Гегелевский спекулятивный дискурс, построенный на принципе «Результата», кумуляции опыта (в «Феноменологии») или моментов бытия (в «Энциклопедии»), отправляется от трансцендентальной иллюзии, вскрытой критической философией. Перенесенный в политику-так-таки и перенесенный? — он, по словам Роле, «осуществляет тоталитаризм», присутствие Идеи в опыте. Вывод, по-моему, не слишком удачный. Чтобы уполномочить свой закон, тоталитарное государство, чьей парадигмой выступает нацистская власть, не обращается, если принять на веру восстановление мифа, в котором оно нуждается, к задаче осуществить Идею в реальности, обеспечить пришествие духа как свободы и самосознания; оно обращается к обратной легитимации, к полномочию корня, расы, поставленной у истока западных времен, которую нужно «всего лишь» избавить от примесей и паразитов, чтобы она воспряла в своей первозданной чистоте. Вот почему «закон» нацистского тоталитаризма — это закон исключения, изъятия, изничтожения. Необходимо восстановить больную идентичность. Это совершенно чуждо гегелевской политике (если таковая имеется). Конечно, в нацистском экспансионизме налицо импульсы самораспространения, пропаганды, воинственности, каковые могут напомнить революционные битвы за освобождение народов. Дело в том, что в тоталитаризме сохраняется, хотя и отрицаемый, идеал универсализации ценностей, достающийся ему из наследия современности: «чистым» станет не только германство, но и все человечество. Но все же Гитлер — не Гегель. Гегель — это Наполеон, новый мир, примиренный со старым. У Гитлера же новый мир оказывается безвозвратно вытеснен в силу восстановления архаики.

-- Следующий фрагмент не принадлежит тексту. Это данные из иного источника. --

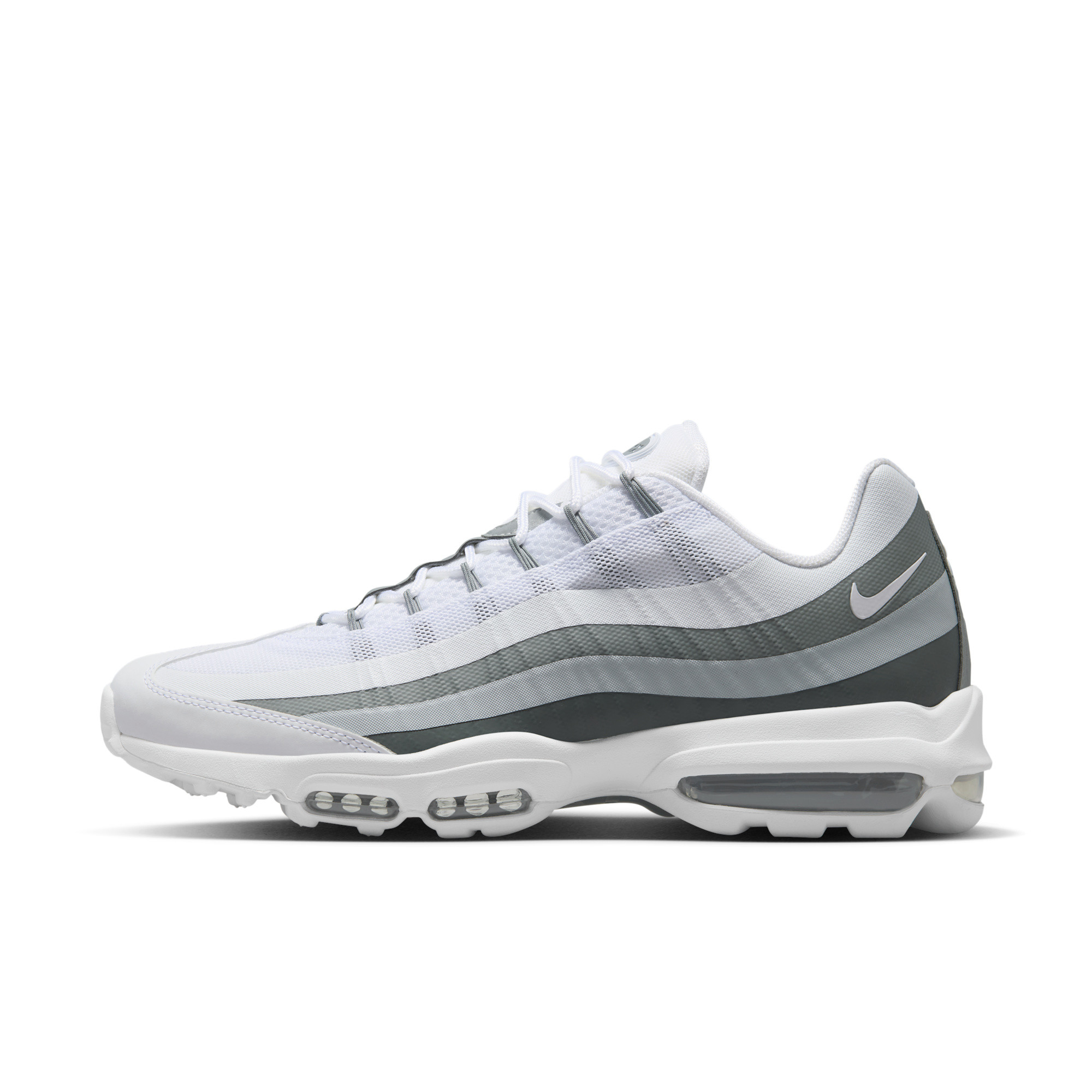 Nike Air Max 95 Ultra – Men's Running Shoes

Что касается Террора, Роле подхватывает тут гегелевский анализ абсолютной свободы, который, по сути, есть лобовая атака на политику чистого практического разума — а эту последнюю можно было бы назвать, если бы таковая существовала, политикой возвышенного или средствами возвышенного. Но атака эта, по-моему, достаточно неуместна.
Террор порождается не тем, на что указывает Гегель, — не преступным нетерпением, которое испытывает универсалистская этика при столкновении со смехотворной помехой единичных данностей. Скорее, он рождается из бесконечного подозрения, что каждое сознание может досягать всех вещей, включая и самое себя, подозрения, что те же самые поступок или суждение, которые, казалось бы, имеют всеобщую значимость и непритворно стремятся законодательствовать во имя сообщества свободных существ, может статься, мотивированы какими-то эмпирическими интересами и единичными страстями.
Гегельянство описывает Террор, ведя атаку на кантовскую этику. Обычная предвзятость: свое и немыто бело. И Канта читать не надо, чтобы удостовериться в этой банальности. Зато подозрение насчет незаинтересованности напрямую связано с кантовской проблематикой «бездны» между способностями. Этический жанр, как уже и диалектический (в первой «Критике»), неоднородны с когнитивным жанром, чьи трансцендентальные условия определяются в первой «Аналитике». Трансцендентальная дедукция выявляет, что предписание и познание (или диалектическое disputatio и познание) подчиняются совершенно разным правилам. Между тем эта бездна не такова, чтобы трансцендентальная видимость оказалась невозможной, а подозрение необоснованным. Напротив (как это описывается, например, при обсуждении третьей антиномии), то и другое неизбежно, если один и тот же объект «допускает» быть постигнутым двумя разнородными жанрами. Поступок или суждение могут притязать на этическую всеобщность (стремиться законодательствовать для сообщества свободных и разумных существ) и в то же время составлять объект познания (позитивного, мы бы сказали) в качестве феномена социального, психологического и т. д., включенного в цепочку причинно-следственных детерминаций, т. е. эмпирически мотивированного. Эта неопределенность, откуда и возникает подозрение, вытекает из несоизмеримости жанров (или способностей) в сочетании с единичностью объекта или «территории» (а именно человеческого, антропологического опыта).